In a routine study of amplifying the highly conserved gene sequence of the 16S rRNA, several DNA bands were produced that were different from the expected target sizes. Characteristics of these PCR products and further PCR study revealed they were amplified from commercial Taq DNA Polymerase reagents, apparently contaminated with trace amounts of bacteriophage like dnase. A study USING 16s rrna gene primer sA, a number of unexpected products with sizes ranging from 100bp more than 20 kb, in addition to expected 1.5KB. Site products or secondary products are not uncommon, however this time 3 PCR products, 3a, 3b, 7c, were further studied. They were gel purified, cloned, sequenced and compared to sequences in genbank database. A small portion of DNA sequence on 7C, showed 81% homology to tail fiber gene of pesudemona phage, GH-1 and 88% homology to tail fibers proteins of enterobacterial phage T7. 3A and 3B showed partial homology to tail tubular protein B(72%) and putative DNA ligase (55%) of pseudomonas phage GA-1. To confirm findings, four different primers were designed from phage like DNA sequences of these 3 bands and were studied by PCR to detect phage like DNA. The PCR band found were of expected sizes, so all PCR products were confirmed to be phage like DNA sequences by nucleotide sequencing. This

experiment was repeated with Taq polymerases from two different commercial sources. PCR was performed against deionized water sample with or without UV treatment(which has been shown to reduce false positive signals). And the clone 3A, 3B and 7C DNA sequences were added into each group of reaction tubes to serve as positive control, no exogenous DNA template were added to any of the tubes. Hundred mM tris-HCL buffer with a pH 8.3200 micro molar deoxynucleoside triphosphates, 2.5mM MgCl2 25pmol of each primer and 1.25 Uof Taq polymerase. Phage like DNA found in two lots from company A and non from company B. Since company also provided MgCl2 solutions and buffers, they were also tested by swapping them with other samples of buffer and MgCl2. Still same results were observed.

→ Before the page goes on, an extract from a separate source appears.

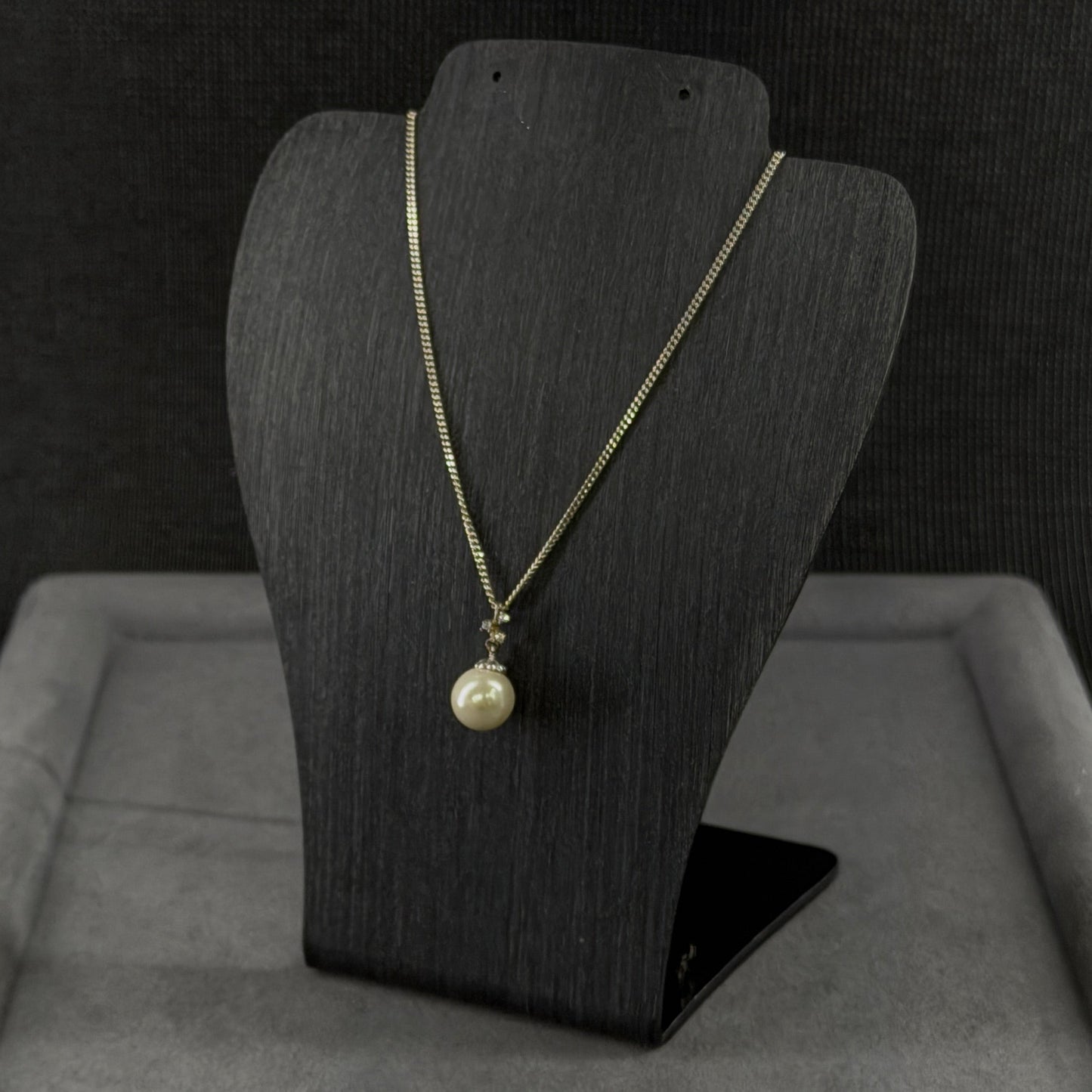Perlen-Solitär-Kette in Silber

Presence of DNA contamination in Taq Polymerases were recorded before but most were exogenous bacterial DNA. This study is the first to show bacteriophage like DNA present. Scientist and Researchers were made aware of these findings. Using tainted amplification reagents can lead to misleading and confusing results. [2]

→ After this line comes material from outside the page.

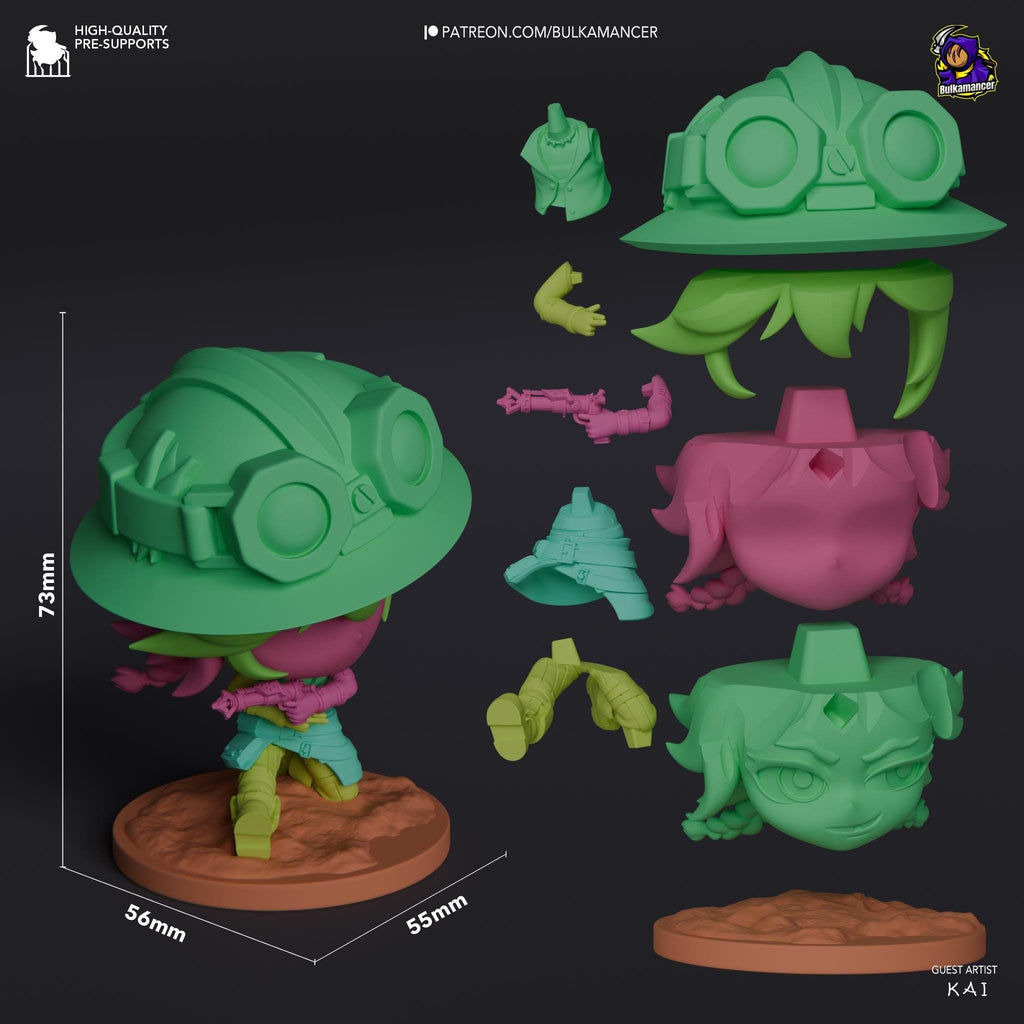 3D Printed Isha Chibi Statue: LoL Inspired Model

."PATENT RULING COULD CAUSE PCR ENZYME PRICES, Dalton, R (2001)"

Hoffman La Roche, a Swiss-based pharmaceutical company, owns the patent rights for the Taq DNA polymerase enzyme and the National Parks system was not receiving any of the profits, even though the organism was discovered at a national park. The National Park Service called this "the great Taq ripoff". Since then, researchers in the national parks are required to sign an agreement of benefit sharing so a portion of the profits would be returned to the parks. Meanwhile, a fight for patent rights of the Taq polymerase is still going on. The European Patent office revoked Hoffman La Roche's patent claiming Taq Polymerase is naturally occurring and finding this enzyme was not a "novel invention".

"EUROPEAN PATENT FOR PCR ENZYME CLOUDED BY RUSSIAN CLAIM, Dickson, D (1993)"

Swiss pharmaceutical company acquired the patent rights for the Taq polymerase enzyme from the US Biotechnology company ; Cetus Corporation.While La Roche is fighting the European Patent Office to keep the patent rights, a Russian scientist named Stanislav Gorodetsky is claiming he and his research group were first to discover the organism "T. aquaticus" and isolate the enzyme and they should be involved in the profit sharing. Hoffman La Roche is insisting Russian enzyme is not identical.